Short descriptive text snippets:
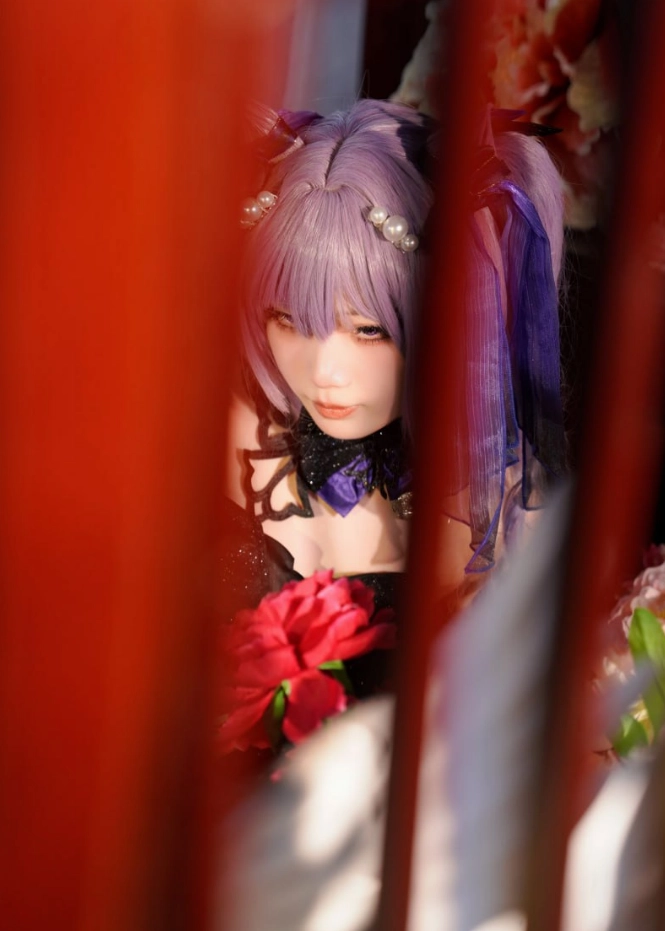 刺猬小姐 cosplay 主题图集整理 紫色发型角色在红色空间中的摄影构图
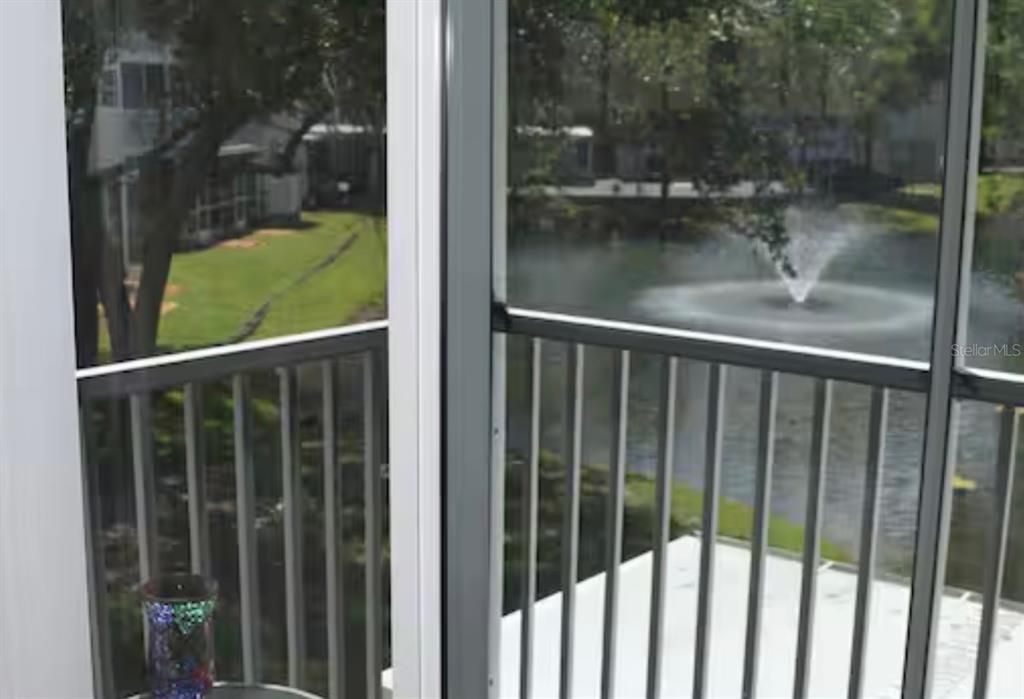 待售: $275,000 (2 贝兹, 2 浴室, 1135 平方英尺)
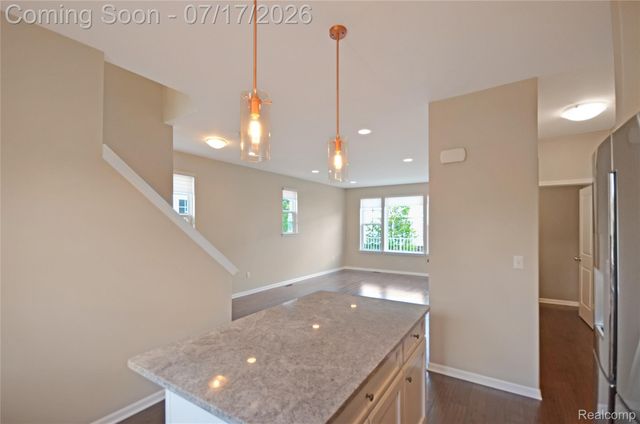 4625 Bradley Circle, Troy, MI 48085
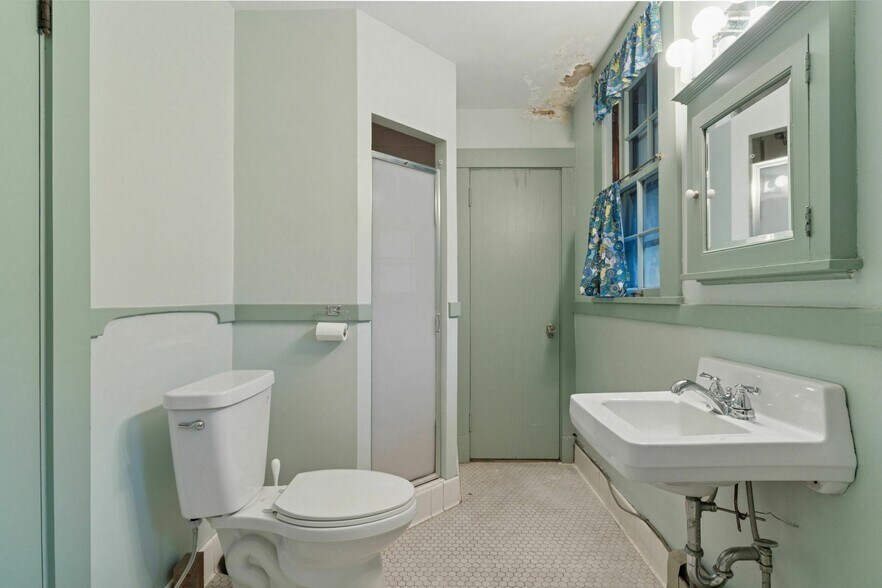 More Photos Of 2318 S 1st Ave, Minneapolis Office For Sale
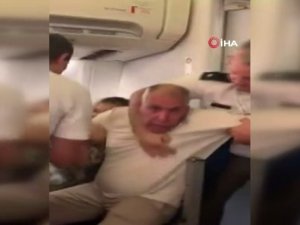 Romanya Polisi, Bagajını Uçak Koridoruna Koyan Mısırlı Yolcuyu Dövdü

TASK STATEMENT:
Transcribe the records in full and exactly. Pictures stay out.

YOUR RESPONSE:
 刺猬小姐 cosplay 主题图集整理 紫色发型角色在红色空间中的摄影构图
 待售: $275,000 (2 贝兹, 2 浴室, 1135 平方英尺)
 4625 Bradley Circle, Troy, MI 48085
 More Photos Of 2318 S 1st Ave, Minneapolis Office For Sale
 Romanya Polisi, Bagajını Uçak Koridoruna Koyan Mısırlı Yolcuyu Dövdü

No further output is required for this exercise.